In 2021 (the first year the CCPA was on the books), 10 unnamed companies ran up against the regulation and had to take steps to reach compliance, like updating their terms of service and privacy policies and providing users with a clear way to opt out of sharing their information.
What’s next for data compliance regulations?
We can expect to see more data compliance and information security rules across the U.S. as individual states pass their own mandates. We may eventually see federal regulations in this area — something that pro-privacy advocates have been requesting for years. Currently, 15 states have bills in progress, while three states (Virginia, Colorado, and Utah) have legislation that will go into effect in 2023. And countries outside of the EU are also looking at similar consumer protections.
Virginia Consumer Data Protection Act (CDPA)
Once it goes into effect on January 1, 2023, the Virginia CDPA will protect the privacy rights of Virginia residents. This law is similar to the CCPA: It grants consumers rights to personal data and requires companies to provide opt-outs and meet other privacy regulations. Noncompliance will lead to fines of up to $7,500 per violation.
Colorado Privacy Act (CPA)
The CPA is another new consumer protection law that grants Colorado residents rights over their data. It goes into effect on July 1, 2023. It also follows the blueprint laid out in the CCPA: Residents must have the choice to opt out of data collection, and they have a right to know what information a company has on file for them. Noncompliance will lead to fines, but companies can take advantage of a temporary 60-day cure period to fix any violations.
Utah Consumer Privacy Act (UCPA)
The UCPA goes into effect on December 31, 2023. This rule offers companies a bit more leeway than other states; it’s only applicable to businesses that target Utah residents, have annual revenue of at least $25 million, and meet certain thresholds for data collection and processing. Noncompliance fines can reach up to $7,500 per violation, but companies will have 30 days to fix the problems before facing consequences.
Data privacy is also becoming a priority in international markets. China, the United Arab Emirates, and South Africa all passed privacy legislation in 2021, and it’s likely that other countries will follow suit. The U.S. and EU have agreed to a preliminary deal that spells out how American companies can store the personal data of Europeans.

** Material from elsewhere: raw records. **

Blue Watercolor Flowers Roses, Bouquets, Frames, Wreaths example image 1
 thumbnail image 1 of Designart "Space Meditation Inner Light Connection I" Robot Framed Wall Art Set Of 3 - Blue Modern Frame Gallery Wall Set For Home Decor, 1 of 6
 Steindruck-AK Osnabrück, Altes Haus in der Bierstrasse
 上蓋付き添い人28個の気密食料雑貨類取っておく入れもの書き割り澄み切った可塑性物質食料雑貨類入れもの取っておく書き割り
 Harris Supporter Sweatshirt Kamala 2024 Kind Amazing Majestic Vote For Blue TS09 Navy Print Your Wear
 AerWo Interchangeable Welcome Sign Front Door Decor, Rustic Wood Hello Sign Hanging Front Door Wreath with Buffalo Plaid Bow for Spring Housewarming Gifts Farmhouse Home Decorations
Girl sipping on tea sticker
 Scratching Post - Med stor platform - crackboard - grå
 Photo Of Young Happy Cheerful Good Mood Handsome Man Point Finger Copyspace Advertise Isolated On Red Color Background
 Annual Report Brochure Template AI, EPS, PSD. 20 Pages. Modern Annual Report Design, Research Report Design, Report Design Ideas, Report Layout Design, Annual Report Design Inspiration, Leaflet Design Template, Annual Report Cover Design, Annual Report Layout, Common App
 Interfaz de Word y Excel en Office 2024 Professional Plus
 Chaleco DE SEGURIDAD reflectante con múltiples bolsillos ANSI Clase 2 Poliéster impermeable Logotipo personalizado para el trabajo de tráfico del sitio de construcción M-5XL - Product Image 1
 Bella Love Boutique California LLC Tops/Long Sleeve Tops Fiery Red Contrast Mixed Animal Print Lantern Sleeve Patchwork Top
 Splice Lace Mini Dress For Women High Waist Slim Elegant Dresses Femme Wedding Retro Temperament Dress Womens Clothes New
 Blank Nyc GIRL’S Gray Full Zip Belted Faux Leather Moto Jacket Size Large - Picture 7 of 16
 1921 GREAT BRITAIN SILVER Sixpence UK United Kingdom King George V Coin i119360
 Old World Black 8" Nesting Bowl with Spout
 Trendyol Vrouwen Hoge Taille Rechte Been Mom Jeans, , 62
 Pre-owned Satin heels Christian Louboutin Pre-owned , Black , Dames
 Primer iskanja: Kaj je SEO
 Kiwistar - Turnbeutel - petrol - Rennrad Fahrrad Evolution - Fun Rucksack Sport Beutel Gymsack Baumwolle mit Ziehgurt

Worldwide, governments are trending toward stiffer compliance standards for consumer data privacy protection. If your product or operations have weak points that might expose sensitive data, now is the time to shore those up.
Fill data security gaps in your product
Regardless of the hefty fines and serious damage to your brand’s reputation, beefing up your cybersecurity and data protection capabilities is a core component of risk management for your company. The sooner you take steps internally to secure gaps in your product, the sooner you can protect your bottom line.
Start by helping your product team make sure that your product complies with any relevant data privacy regulations and protects customer data. It’s a good idea to comply with the state rules in California, Colorado, Virginia, and Utah, even if your business isn’t based there. If even one of your customers is in one of those locations, you need to take steps to protect their privacy. You can also future-proof your company by adhering to stricter compliance requirements like those in the GDPR, even if you’re not required to meet them.
It’s not a bad idea to work with IT during this time as well to make sure that your internal security measures are strong enough to prevent a data breach. Keep risk manageable by understanding the basics of data privacy compliance.